YOUR TASK
With the string "Pink" as the filter, copy each matching line from the records.

··· AVAILABLE RECORDS

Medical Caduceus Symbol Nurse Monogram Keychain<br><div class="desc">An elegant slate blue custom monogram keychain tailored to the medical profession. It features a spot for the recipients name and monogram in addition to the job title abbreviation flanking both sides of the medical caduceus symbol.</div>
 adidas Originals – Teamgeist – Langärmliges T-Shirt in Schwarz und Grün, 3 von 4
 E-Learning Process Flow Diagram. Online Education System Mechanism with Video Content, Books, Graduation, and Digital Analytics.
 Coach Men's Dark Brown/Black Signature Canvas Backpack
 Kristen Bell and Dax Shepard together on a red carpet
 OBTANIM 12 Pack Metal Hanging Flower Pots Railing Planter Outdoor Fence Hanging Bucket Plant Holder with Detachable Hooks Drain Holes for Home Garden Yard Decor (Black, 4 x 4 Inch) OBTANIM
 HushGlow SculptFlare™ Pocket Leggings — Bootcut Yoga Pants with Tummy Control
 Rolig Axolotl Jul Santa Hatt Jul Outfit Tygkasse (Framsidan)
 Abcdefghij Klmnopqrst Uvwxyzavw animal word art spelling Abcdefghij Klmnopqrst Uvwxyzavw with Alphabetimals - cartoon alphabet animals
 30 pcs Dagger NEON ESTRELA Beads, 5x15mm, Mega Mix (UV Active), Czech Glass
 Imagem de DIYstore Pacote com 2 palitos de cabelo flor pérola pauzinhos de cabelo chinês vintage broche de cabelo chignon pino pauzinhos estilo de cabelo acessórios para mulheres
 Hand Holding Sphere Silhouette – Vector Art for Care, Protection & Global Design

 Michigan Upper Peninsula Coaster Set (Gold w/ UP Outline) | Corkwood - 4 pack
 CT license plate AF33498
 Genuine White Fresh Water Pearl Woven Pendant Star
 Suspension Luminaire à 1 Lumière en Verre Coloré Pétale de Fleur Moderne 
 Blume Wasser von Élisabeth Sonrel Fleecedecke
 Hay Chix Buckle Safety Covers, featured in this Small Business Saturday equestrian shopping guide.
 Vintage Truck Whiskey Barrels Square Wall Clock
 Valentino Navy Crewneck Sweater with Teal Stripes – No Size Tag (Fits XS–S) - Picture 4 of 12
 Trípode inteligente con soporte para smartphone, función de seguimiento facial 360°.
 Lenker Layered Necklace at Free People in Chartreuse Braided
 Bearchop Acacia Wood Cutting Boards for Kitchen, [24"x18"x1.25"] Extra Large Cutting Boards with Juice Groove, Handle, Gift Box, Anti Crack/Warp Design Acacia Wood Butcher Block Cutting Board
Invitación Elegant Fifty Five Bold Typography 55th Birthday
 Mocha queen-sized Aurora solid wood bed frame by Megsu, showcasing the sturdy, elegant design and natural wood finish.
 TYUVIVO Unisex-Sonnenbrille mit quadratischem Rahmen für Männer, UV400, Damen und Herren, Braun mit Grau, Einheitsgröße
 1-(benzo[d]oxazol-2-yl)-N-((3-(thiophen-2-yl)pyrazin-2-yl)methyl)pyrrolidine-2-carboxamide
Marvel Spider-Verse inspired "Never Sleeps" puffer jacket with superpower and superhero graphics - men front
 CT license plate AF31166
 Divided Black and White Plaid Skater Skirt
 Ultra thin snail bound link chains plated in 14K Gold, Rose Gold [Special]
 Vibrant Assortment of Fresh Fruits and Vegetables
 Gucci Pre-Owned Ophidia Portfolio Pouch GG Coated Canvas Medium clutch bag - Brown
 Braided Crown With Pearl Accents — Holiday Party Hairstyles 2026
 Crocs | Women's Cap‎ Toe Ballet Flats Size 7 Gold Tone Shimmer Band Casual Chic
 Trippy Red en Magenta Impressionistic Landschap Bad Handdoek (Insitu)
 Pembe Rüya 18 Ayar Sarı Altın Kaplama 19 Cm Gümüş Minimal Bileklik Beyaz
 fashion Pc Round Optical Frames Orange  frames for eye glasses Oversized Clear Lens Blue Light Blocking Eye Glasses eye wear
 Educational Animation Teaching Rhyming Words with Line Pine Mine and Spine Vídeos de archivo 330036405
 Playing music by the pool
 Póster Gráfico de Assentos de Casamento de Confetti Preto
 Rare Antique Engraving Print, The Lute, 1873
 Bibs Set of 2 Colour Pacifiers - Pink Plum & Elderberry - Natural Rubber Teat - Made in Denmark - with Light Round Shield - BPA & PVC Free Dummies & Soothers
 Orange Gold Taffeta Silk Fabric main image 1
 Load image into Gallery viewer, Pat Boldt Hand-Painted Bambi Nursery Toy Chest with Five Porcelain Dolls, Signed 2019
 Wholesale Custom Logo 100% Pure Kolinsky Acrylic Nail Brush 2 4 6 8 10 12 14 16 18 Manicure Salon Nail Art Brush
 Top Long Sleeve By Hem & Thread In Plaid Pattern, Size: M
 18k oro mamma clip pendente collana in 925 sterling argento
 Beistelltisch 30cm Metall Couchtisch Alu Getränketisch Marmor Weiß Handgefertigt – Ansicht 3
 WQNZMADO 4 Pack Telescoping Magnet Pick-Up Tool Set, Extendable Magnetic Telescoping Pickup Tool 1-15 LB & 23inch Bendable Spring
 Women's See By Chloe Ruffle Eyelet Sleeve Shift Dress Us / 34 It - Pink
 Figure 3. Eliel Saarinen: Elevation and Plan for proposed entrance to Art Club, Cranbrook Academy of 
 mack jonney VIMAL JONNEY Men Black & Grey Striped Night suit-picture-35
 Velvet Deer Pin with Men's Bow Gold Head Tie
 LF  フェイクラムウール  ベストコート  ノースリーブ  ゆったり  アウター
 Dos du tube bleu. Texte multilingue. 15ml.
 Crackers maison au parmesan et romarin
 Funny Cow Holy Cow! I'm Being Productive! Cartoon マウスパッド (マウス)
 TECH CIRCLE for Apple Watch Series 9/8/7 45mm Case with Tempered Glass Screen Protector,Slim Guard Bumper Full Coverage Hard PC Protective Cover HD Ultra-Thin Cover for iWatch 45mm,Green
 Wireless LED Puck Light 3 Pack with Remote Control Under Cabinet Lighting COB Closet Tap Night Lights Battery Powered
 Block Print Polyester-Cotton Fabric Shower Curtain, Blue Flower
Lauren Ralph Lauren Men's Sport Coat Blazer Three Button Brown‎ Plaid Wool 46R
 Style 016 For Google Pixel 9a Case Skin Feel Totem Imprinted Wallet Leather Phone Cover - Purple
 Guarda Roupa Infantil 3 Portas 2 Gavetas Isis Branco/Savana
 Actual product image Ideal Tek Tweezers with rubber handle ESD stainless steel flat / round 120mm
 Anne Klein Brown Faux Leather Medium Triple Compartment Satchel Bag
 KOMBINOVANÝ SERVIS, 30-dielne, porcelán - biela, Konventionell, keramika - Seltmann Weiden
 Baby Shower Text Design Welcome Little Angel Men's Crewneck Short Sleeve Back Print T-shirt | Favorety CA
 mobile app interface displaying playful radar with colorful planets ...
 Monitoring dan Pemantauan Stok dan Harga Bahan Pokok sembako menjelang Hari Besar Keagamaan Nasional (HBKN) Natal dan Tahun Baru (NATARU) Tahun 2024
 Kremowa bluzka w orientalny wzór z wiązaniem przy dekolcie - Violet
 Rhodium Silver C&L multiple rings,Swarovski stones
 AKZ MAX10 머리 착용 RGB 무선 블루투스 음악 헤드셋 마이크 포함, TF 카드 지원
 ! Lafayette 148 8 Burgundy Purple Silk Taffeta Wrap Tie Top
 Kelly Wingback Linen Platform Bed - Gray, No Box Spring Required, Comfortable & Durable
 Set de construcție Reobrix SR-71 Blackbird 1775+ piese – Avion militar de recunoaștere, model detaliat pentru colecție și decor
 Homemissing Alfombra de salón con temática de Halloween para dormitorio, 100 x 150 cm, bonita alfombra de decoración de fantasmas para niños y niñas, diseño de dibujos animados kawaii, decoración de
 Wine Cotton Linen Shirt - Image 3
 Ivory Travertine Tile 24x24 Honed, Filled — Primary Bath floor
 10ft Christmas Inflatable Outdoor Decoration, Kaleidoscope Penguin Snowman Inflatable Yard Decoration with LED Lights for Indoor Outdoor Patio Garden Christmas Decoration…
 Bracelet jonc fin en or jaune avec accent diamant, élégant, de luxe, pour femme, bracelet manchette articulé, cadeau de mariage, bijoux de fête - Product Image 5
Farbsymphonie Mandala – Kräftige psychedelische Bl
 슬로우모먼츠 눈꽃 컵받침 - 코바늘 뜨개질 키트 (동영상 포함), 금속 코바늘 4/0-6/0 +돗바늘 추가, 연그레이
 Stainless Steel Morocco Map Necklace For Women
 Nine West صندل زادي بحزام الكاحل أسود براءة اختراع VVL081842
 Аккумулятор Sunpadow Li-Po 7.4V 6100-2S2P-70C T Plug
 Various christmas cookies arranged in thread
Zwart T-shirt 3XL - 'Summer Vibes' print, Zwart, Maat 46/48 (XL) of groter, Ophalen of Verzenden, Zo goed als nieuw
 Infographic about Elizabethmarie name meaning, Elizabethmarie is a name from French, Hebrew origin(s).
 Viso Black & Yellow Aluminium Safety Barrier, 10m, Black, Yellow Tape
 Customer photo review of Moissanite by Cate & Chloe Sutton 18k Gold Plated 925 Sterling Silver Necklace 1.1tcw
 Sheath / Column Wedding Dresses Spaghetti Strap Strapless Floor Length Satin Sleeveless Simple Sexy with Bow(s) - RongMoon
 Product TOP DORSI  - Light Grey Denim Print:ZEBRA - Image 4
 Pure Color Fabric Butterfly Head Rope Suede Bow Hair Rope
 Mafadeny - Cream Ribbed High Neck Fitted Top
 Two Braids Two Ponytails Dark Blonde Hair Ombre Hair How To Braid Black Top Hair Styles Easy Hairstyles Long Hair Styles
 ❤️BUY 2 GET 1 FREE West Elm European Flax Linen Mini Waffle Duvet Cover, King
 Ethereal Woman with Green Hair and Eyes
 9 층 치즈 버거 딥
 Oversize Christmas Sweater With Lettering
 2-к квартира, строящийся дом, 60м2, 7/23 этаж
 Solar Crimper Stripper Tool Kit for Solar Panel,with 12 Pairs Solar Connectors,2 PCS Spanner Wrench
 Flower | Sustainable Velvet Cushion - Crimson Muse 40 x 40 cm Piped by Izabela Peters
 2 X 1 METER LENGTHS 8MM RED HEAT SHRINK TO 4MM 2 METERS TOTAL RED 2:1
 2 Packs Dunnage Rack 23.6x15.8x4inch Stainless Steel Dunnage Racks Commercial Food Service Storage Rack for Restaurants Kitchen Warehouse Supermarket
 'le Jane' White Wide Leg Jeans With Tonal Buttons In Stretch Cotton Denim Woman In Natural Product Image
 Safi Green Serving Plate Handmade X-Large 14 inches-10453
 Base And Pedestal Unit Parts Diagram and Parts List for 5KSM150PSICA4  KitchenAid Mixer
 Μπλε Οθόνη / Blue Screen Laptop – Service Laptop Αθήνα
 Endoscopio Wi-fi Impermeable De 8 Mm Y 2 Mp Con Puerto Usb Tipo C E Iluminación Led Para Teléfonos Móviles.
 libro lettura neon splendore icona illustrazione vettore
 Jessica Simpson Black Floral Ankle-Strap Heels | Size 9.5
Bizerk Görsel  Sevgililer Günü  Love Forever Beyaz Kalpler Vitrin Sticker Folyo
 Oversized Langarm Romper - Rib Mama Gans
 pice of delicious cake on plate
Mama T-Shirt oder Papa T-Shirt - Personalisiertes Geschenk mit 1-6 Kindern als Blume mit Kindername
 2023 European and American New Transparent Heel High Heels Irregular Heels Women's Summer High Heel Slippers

······

YOUR RESPONSE
 Bibs Set of 2 Colour Pacifiers - Pink Plum & Elderberry - Natural Rubber Teat - Made in Denmark - with Light Round Shield - BPA & PVC Free Dummies & Soothers
 Women's See By Chloe Ruffle Eyelet Sleeve Shift Dress Us / 34 It - Pink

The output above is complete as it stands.